Michael Renner dan Zoe Chafe dalam “Membalikkan Bencana Menjadi Peluang Perdamaian” pada Worldwatch Institute, State of World 2006, mengungkap tsunami memberi kesempatan penting bagi perubahan dan perdamaian di Aceh.
Pada Januari sampai Juli 2005 setidaknya lima putaran negosiasi berlangsung di Helsinki, Finlandia. Pertemuan itu dimediasi oleh mantan Presiden Finlandia Martti Ahtisaari. Setelah 7 bulan 20 hari, kesepakatan pelucutan senjata dan pernyataan damai antara GAM dan Pemerintah Indonesia pun tercapai pada 15 Agustus 2005
ADVERTISEMENT
Perjanjian damai itu menjadi awal yang baru bagi masa depan “Serambi Mekkah”-nya Indonesia itu.
Seorang warga Aceh menceritakan kepada The Guardian, selama masa konflik terjadi, ia terbiasa melihat mayat di jalan pada pagi hari. Ia membalik jasad itu hanya untuk memeriksa apakah mereka kerabatnya atau bukan. Namun setelah konflik berakhir, ia mengaku Aceh menjadi lebih baik. Bukan karena jalan atau gedung rumah sakit baru yang masih berkilau, tapi karena ada kedamaian.

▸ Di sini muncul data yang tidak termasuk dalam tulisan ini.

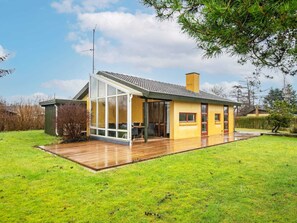 Exterior - Peaceful Holiday Home in Børkop near Sea (Borkop)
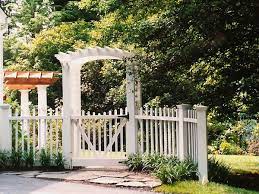 Find great deals on ebay for village white picket fence. White Picket Fence With Gate And Arbor Klassisch Garten Washington D C Von Land Art Design Inc Houzz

Raisa Kamila, Peneliti dan Sejarawan Aceh, melihat upaya perdamaian di sana terjadi atas kehendak yang lebih besar dibanding baku hantam golongan, yaitu kepentingan masyarakat Aceh.
“Ini orang-orang meninggal, ini banyak rumah hancur, makanya kita harus mengutamakan (mereka) nih sama orang-orang yang enggak ada urusan GAM atau TNI. Oke, rekonsiliasi jalan, maka harus berdamai dong. Gak mungkin kan pas bangun rumah tiba-tiba kontak senjata,” kata Kamila kepada kumparan, Senin (25/12).
ADVERTISEMENT
Ia juga mengemukakan, tsunami yang terjadi banyak dijadikan masyarakat sebagai peringatan untuk lebih mawas diri.
“Banyak yang menafsirkan setelah tsunami itu sebagai azab. Jadi, karena itu, orang-orang harus lebih shaleh, lebih taat, kontrol dirinya harus lebih besar,” paparnya.
Terlepas dari pro dan kontra, menurut Kamila, penerapan syariat Islam turut berperan dalam perilaku masyarakat Aceh dengan kesadaran agar tidak terkena karma atau azab --kembali terjadi bencana-- jika melakukan penyimpangan.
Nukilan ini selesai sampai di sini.